Kurz nach der Veröffentlichung dieser Rezension gab es von verschiedenen Seiten Reaktionen auf den Spruch von Lawrence Diggs, er habe früher für Radio Caroline gearbeitet. Der erste stammt von Jonathan Myer, der in der Pirate Hall of Fame vertreten ist. Er schrieb: “Ja, Lawrence Diggs, der Mann, der behauptet, 1968 “sechs Monate lang bei Radio Caroline” gewesen zu sein und jetzt als “The Vinegar Man” bekannt ist! Ich habe Robbie Dale gefragt, ob er sich daran erinnern kann, nach dem Marine Offences Act einen schwarzen DJ auf Caroline South eingestellt zu haben. Dale sagte, er erinnere sich vage daran, dass ein DJ aus einem Amsterdamer Club probeweise auf der Mi Amigo kam. Aber nach einer Sendung merkten sie, dass er nicht geeignet war, und das war das Ende seiner Offshore-Karriere.
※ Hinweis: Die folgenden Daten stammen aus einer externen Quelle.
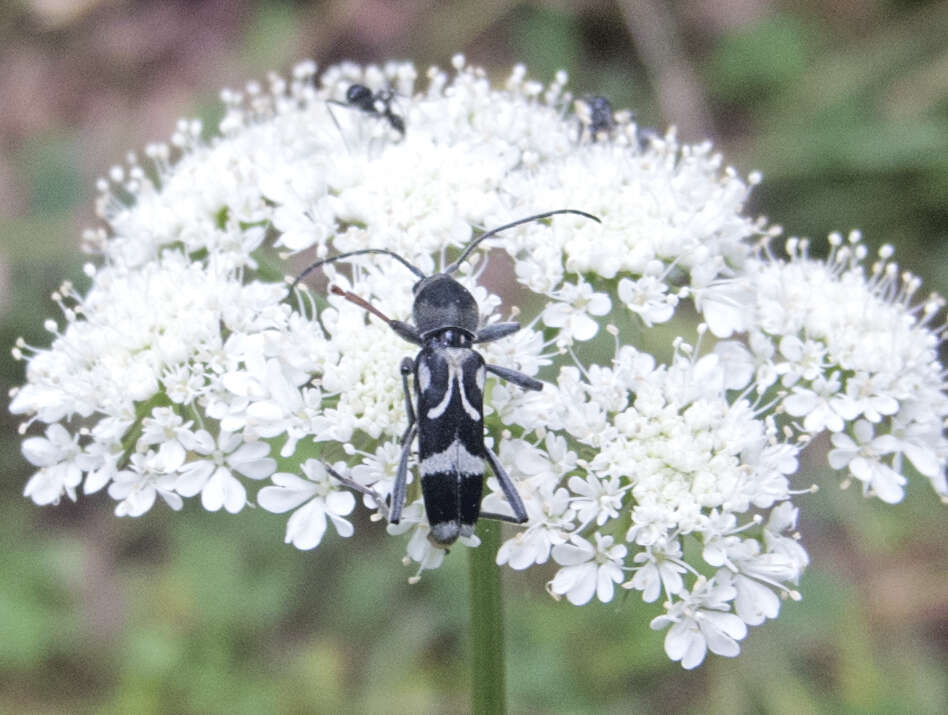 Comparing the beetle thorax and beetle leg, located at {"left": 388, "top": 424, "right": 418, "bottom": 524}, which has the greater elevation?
the beetle thorax

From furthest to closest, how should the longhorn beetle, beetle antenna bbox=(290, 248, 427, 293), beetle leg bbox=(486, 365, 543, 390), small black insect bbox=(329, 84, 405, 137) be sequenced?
small black insect bbox=(329, 84, 405, 137) → beetle antenna bbox=(290, 248, 427, 293) → beetle leg bbox=(486, 365, 543, 390) → the longhorn beetle

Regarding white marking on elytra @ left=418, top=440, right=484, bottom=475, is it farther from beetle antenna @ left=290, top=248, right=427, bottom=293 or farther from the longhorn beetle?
beetle antenna @ left=290, top=248, right=427, bottom=293

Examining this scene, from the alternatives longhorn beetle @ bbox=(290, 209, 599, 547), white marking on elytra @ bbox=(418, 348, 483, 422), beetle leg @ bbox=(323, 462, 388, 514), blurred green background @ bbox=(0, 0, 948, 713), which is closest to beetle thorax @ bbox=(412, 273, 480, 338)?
longhorn beetle @ bbox=(290, 209, 599, 547)

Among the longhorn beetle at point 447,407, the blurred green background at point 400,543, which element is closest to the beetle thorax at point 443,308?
the longhorn beetle at point 447,407

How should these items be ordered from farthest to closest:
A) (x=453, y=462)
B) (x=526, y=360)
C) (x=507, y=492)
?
(x=526, y=360)
(x=507, y=492)
(x=453, y=462)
Dale konnte sich nicht einmal an den Namen des Mannes erinnern. Ich dachte, es könnte Sebastian Jones sein, der eine einstündige Sendung über Caroline South moderierte und so klang, als sei er Amerikaner. Aber ich glaube, das war 1967 und nicht 1968, also war es wahrscheinlich nicht Herr Diggs. Es ist ein Rätsel. Es ist auch schade, dass das Kapitel in Ben Fong-Torres' Buch so voller Fehler ist, dass es die Richtigkeit des restlichen Buches in Frage stellt.”
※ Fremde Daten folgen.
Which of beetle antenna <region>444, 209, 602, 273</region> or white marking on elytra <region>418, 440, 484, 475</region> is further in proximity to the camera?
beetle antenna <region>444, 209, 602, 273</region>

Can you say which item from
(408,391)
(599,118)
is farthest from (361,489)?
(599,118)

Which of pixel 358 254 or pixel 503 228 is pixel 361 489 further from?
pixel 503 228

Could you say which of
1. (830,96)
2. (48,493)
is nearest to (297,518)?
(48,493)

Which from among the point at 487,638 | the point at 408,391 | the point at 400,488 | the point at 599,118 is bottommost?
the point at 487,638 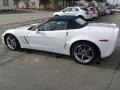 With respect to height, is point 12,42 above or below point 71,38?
below

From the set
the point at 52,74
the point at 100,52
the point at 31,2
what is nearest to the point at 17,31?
the point at 52,74

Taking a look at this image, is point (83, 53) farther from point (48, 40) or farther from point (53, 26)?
point (53, 26)

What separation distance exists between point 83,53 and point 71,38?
1.96 ft

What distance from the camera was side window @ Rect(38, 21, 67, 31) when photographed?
6.37 metres

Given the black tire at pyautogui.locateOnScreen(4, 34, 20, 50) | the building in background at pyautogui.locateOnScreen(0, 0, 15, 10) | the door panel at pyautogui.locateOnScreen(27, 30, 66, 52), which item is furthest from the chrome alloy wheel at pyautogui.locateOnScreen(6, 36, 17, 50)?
the building in background at pyautogui.locateOnScreen(0, 0, 15, 10)

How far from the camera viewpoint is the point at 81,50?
595 centimetres

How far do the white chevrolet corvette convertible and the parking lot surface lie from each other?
1.17 ft

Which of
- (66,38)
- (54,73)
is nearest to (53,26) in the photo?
(66,38)

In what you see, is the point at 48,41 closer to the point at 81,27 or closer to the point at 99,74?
the point at 81,27

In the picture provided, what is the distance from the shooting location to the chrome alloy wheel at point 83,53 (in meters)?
5.83

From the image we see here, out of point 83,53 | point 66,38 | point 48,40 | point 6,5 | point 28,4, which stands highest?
point 28,4

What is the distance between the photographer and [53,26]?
258 inches

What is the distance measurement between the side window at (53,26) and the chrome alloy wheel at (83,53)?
894 mm

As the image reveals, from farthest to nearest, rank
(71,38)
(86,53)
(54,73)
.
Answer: (71,38)
(86,53)
(54,73) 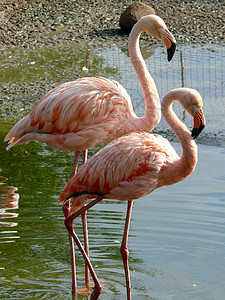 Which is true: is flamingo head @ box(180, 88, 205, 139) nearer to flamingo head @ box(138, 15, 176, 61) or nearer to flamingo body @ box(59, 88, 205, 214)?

Die zweite Reaktion kam damals von Mary Payne von der Website von Radio London. Sie erwähnte die Suche von Jonathan Myer: “Auch er hat versucht, das Rätsel um Diggs zu lösen. Es gelang ihm, ihn über das Internet auf einer Website ausfindig zu machen, auf der Diggs derzeit Informationen zum Thema Essig bereitstellt. Die URL für Lawrence Diggs ist The Vinegar Man. Auf eine E-Mail-Anfrage von Jonathan Myer, ob Diggs der von Fong-Torres befragte “Caroline DJ” gewesen sei, er-hielt er eine sehr ausweichende Antwort. Diggs sagte, dass er zwar der Interviewte sei und bei Radio Caroline gewesen sei, dass dies aber schon so lange her sei, dass er sich nicht mehr an seine Zeit auf dem Schiff erinnern könne.

Mary Payne hat auch selbst die notwendige Detektivarbeit geleistet. Dazu sagte sie 2003: “Ich stimme zu, dass der Rest des Buches faszinierend ist, aber es wird durch dieses schlecht recherchierte Kapitel sehr beeinträchtigt. Seit ich dieses Kapitel vor etwa drei Jahren gelesen habe, habe ich versucht, dem Geheimnis der Identität von Lawrence Diggs auf den Grund zu gehen. Wie konnte ein erfahrener Journalist wie Ben Fong-Torres jemals auf Diggs hereinfallen? Nichts an diesem Interview mit ihm klingt nach Wahrheit.